The asymmetric jet cathodes showed fewer counts in general.
The shapes of these two cathodes do not provide any
advantages in neutron production. On the other hand the
spherical cathodes produced a very symmetrical star mode
with many arms.
The inlet gas, the current as well as the voltage applied, all impacted
neutron production rates. If the current is too low, the counts will be
low, even if the voltage is high.
As the voltage increases more neutrons are produced. In
Figure 8 there is one point with high (second highest)
neutron production rates using 16kV (a low voltage), but
this point had a current of 37mA (which is high for our
system). On the other hand we have a point at the end with
30kV and low neutron production; for this point the
current is low (5.8mA). All points from 20kV to 30kV that
have low number of neutron per second had a
corresponding low current.
When the voltage generator indicates a relatively
high current (meaning high for our system), more
neutrons are detected as Figure 9 illustrates. The
lower neutron per seconds count rates from 20mA
to 30mA corresponds to a lower voltage.
Conclusion
Asymmetrical cathodes that force a jet mode are not suitable for
neutron production as the jet weaken the rest of the channels;
perhaps for an application where a single jet of charged particles is
needed as space propulsion, this cathode design might be of interest.

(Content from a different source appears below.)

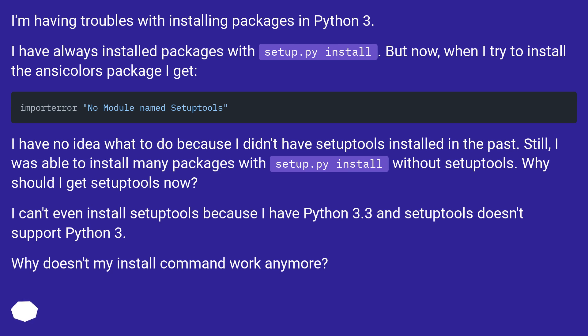I can't even install setuptools because I have Python 3.3 and setuptools doesn't support Python 3. Why doesn't my install command work anymore?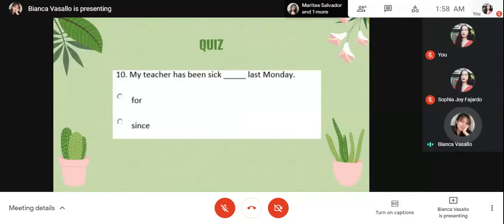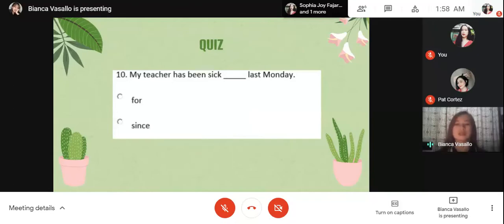Are you done? Okay, please send your work to our Google Classroom.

The medium spherical cathode produced the most neutrons. The
oval cathode contains two more rings than the medium spherical
cathode having less transparency creating more ion-cathode
collisions, producing fewer counts. Probably its oval shape
contributed in producing weaker plasma because it did not produce
as bright plasma as a spherical cathode. On the other hand the
smaller spherical cathode could not generate a plasma strong enough
to produce detectable neutrons despite being constructed with 3
rings to minimize ion loss by cathode collisions.
The voltage applied to the cathode dictates neutron production but
inlet gas, current and cathode geometry can improve production
efficiency. As deuterium flow rates increases, the current rises and
more neutrons are produced which indicates that more reactions
occur. There is an ideal anode cathode ratio for maximum
production which this study points towards. A balance of applied
voltage, current and cathode size can be optimized. In order to
determine best cathode size, spherical cathodes with same number
of ring and different diameters must be tested. Once the size is
determined the ideal number of cathode rings can be studied as well.